Timo Vuori and Maria Jean Hall,

School of Computing, Information and Mathematical Sciences

Edith Cowan University



This paper reports on work in progress to support the learning experience of internal, external and overseas Edith Cowan University students in an environment supported by new technologies. There is a need to facilitate an improved method of 'Unit Management' for units presented in multi-modal, multi-locational and time-staggered modes. The challenge is to manage multiple offerings of unit study and assessment materials, and their continuous enhancement whilst retaining and improving quality and relevance to student and institutional clients.

Electronic / Internet delivery of course materials provides both product and process oriented challenges. This paper concentrates on the process challenges i.e. the management of an electronic repository storing and delivering study materials. Issues canvassed include authorship and copyright, guaranteed accessibility and electronic delivery through the Internet. Challenges in curriculum development and finding suitable instructional design mechanisms are product related and are peripheral to the main intent of this paper.

The authors wish to share their experiences to date and to prompt responses from colleagues who are interested in the major challenge Intranet / Internet brings to educators.

Keywords: Internet, unit management, electronic repository, access control, authorship, copyright, configuration management.

The Challenge to Educators

Macro Challenges

The recent Federal budget has challenged universities to rethink the ways they fund their operations. For many this has meant cost cutting and rationalisation of operations. Some universities have embarked on new full fee paying markets in Australia and overseas.

Edith Cowan University V.C. Millicent Poole recognises this new globalisation of University life. "Once internationalisation in the university context meant welcoming small numbers of overseas students into the institution. Now the term has a much wider meaning and includes the internationalisation of curricula, the student body, the staff, research and consultancy" De La Harpe (1997, p. 9). The emerging Internet based infrastructure gives the modern university the opportunity to rethink their methods and markets for university education. In the past universities were limited to a greater or lesser extent by their geographic location. This had a major impact on the geographically isolated Australian universities. New Internet based technologies have opened doors for a more global approach to education delivery. It is no longer necessary to physically remain in the campus vicinity whilst studying a university course. It is now possible to study a full university course in the external mode via the Internet.

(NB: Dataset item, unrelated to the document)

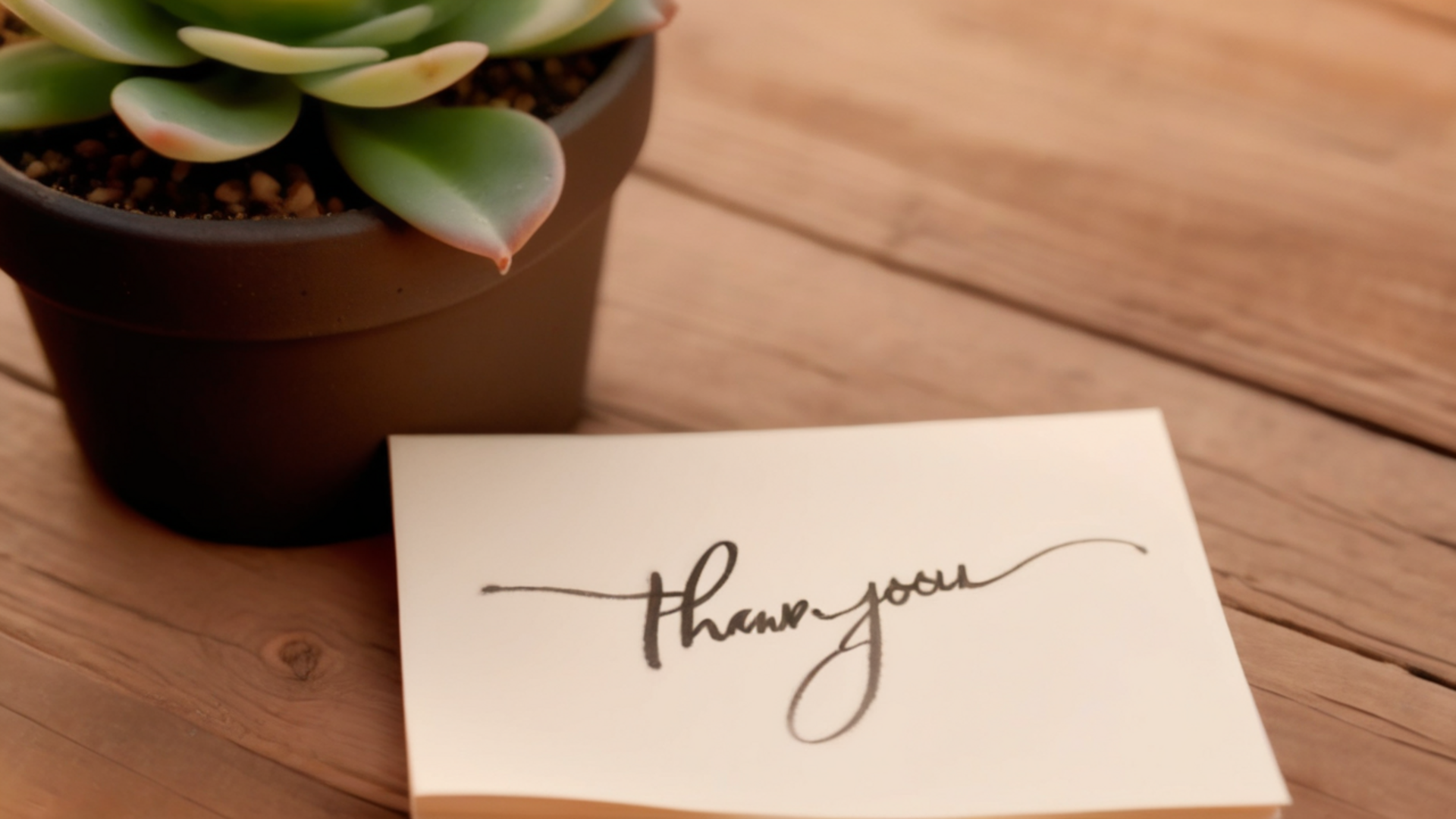 The Gift of Gratitude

Globalisation of education works in two directions. Students working from any location can study for a university degree from a wide choice of national and international institutions and universities can market their courses globally. This presents an opportunity for Australian universities to extend their interstate and overseas activities. The growing overseas markets provide an attractive opportunity for increased revenue raising to compensate for the losses experienced in recent federal budgets. Our challenge is to meet national and global competition from large, well-resourced and internationally recognised institutions.

The current climate of economic rationalism has increased the urgency for universities to fully utilise available technological support. "Technology will at least partly underpin the way ECU meets the challenge of demands for life long learning, customised courses, desk top and flexible delivery" De La Harpe (1997, p9). This is especially evident in the increased use of the Internet in curriculum delivery. Falling equipment costs have made it feasible for students to possess a computer with an Internet connection. The tools required to produce material for Internet delivery are now more sophisticated and learning materials can be developed in a cost-effective manner.

Micro Challenges

Changes in the delivery of university education have had a direct impact on the role of University Lecturer. In the past the lecturer was expected to conduct lectures and tutorials on campus. This role has changed.

The traditional two-semester model on one or two campuses has vanished. Academics must now put more effort into the management of the delivery of units. The familiar 'Unit Coordination' role has now evolved to a 'Unit Management' role. There is an increased administrative overhead involving materials enhancement, versioning, configuration management, and delivery. Appropriate materials have to be made available to students with differing requirements studying concurrently.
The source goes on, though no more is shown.